- WORK TO BE COMPLETED -
Using the line that contains "Vibrant Valentino Sweaters 174455" as the first line and the last line of the data as the final one, give every line in that range again exactly.

- DATA BELOW -
● ● ● ● ●
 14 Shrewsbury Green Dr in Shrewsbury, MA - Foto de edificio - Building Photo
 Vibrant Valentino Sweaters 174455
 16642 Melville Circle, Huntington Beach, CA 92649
● ● ● ● ●
- SOLUTION TO THE PROBLEM -
 Vibrant Valentino Sweaters 174455
 16642 Melville Circle, Huntington Beach, CA 92649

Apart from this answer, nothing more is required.